The chances of Fine Gael, Fianna Fáil, and Sinn Fein coming together to form a national government are, let’s face it, almost zero, for the simple reason that politicians probably feel that it would probably disadvantage all three parties.
But that may well be wrong, and, more importantly, leaving the politics out of it, there’s a strong argument to be made that a national government – mooted by Peadar Toibin, amongst others – is the only rational course of action.
Yesterday, the Fianna Fáil leader went on the national airwaves to try to bounce Fine Gael into a coalition government with his lot. “At some point”, said Martin, “Realpolitik has to break through” because the public “would never forgive us for another election”.

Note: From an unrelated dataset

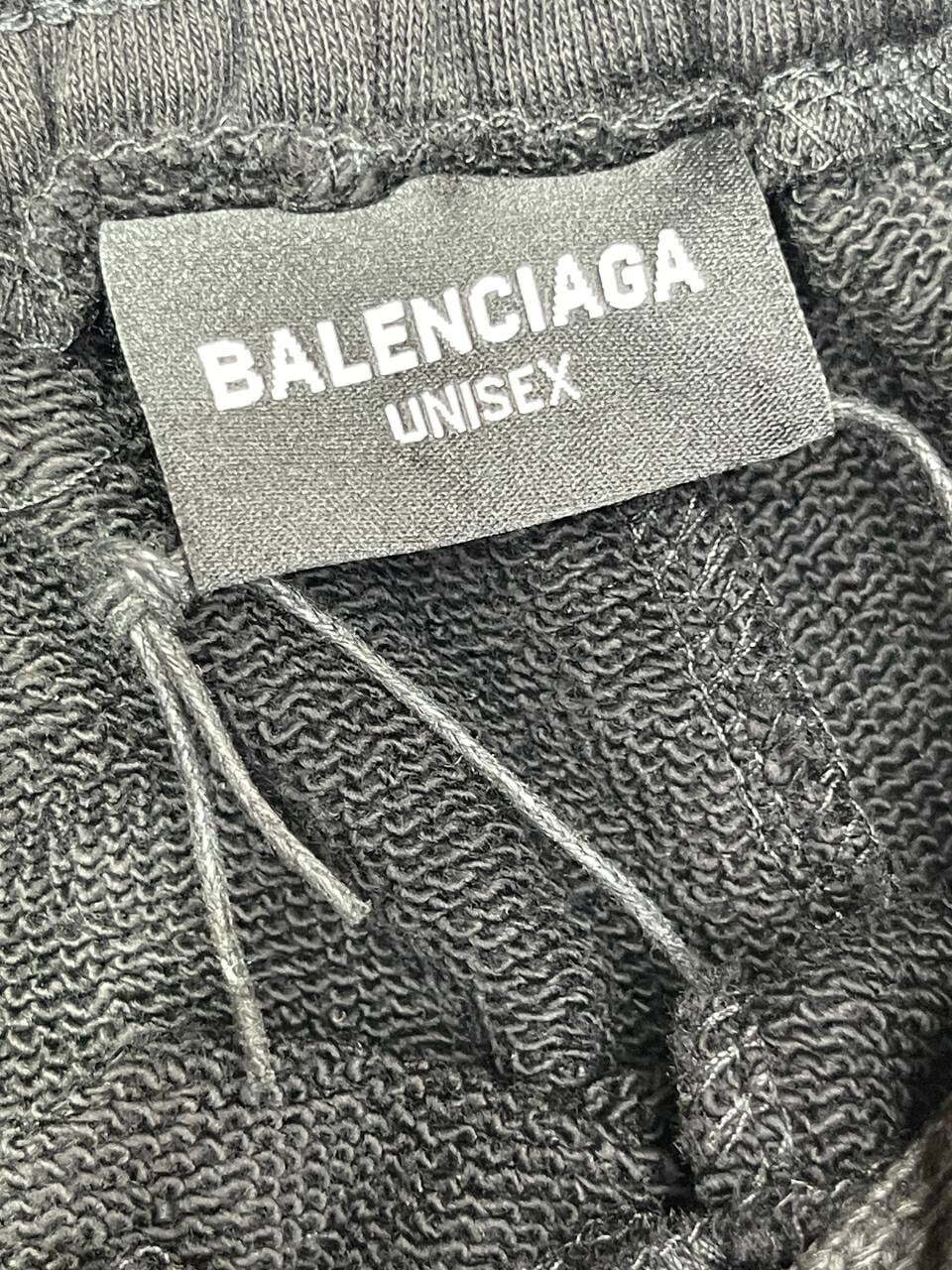 Шорты Balenciaga — фото 10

That, of course, is complete fantasy. The people who would not forgive him for another election are not the voters, but his own TDs. But further complicating Martin’s difficulties, according to TheJournal.ie and other sources, was that there seems to be very little appetite for “realpolitik” to break out in Fianna Fáil:
FIANNA FÁIL LEADER Micheál Martin faced a backlash by his own TDs for opening the door to a coalition with Fine Gael during this afternoon’s parliamentary party meeting….
…A number of TDs, such as Robert Troy, were critical of the direction and strategy of the party during the election and the rhetoric used in relation to Sinn Féin, which many said isolating the party and had to stop.
It is understood that Sean Fleming said the constant hammering of Sinn Féin had harmed the party, with many TDs stating that it had to stop.
Éamon Ó Cuív, John McGuinness, John Brassil, and John Lahart also spoke, stating that the over focus on Sinn Féin meant they were not speaking about their own mandate.
One TD said that ruling out Sinn Féin was done too soon, stating that Martin had showed all his cards during today’s radio interview. They said the party leader was almost begging for Fine Gael to go into government with them.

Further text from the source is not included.